Web page caption snippets
- - - - - - -
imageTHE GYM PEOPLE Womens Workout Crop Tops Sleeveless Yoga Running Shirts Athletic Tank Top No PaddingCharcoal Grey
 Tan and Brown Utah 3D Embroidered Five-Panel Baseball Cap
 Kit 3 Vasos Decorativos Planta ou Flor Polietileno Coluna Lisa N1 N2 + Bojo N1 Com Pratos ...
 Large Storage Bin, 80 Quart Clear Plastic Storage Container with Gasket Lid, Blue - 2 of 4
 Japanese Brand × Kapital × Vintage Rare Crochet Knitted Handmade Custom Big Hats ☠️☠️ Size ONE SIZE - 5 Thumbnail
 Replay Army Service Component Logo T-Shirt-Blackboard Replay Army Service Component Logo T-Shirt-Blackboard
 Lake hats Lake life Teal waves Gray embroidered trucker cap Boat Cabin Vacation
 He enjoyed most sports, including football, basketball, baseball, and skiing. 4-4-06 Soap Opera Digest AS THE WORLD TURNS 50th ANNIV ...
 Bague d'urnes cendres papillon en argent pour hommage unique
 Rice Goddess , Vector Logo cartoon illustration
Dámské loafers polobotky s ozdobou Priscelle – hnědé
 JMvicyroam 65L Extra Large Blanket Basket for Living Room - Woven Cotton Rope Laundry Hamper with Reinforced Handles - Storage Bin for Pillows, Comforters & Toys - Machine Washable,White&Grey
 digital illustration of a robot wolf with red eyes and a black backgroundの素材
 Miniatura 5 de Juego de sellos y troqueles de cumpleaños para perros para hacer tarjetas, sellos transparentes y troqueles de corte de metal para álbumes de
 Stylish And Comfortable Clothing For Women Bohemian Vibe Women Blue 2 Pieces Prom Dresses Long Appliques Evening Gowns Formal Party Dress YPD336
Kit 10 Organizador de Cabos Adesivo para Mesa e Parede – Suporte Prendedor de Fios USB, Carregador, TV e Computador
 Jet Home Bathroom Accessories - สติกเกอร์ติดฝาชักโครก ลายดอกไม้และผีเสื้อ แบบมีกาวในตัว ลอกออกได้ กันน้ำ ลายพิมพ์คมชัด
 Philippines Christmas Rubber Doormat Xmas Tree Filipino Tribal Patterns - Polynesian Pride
- - - - - - -
Problem: Of the entries above, tally the lines with "Logo" in them. Only the total should be given.

Task solution: 2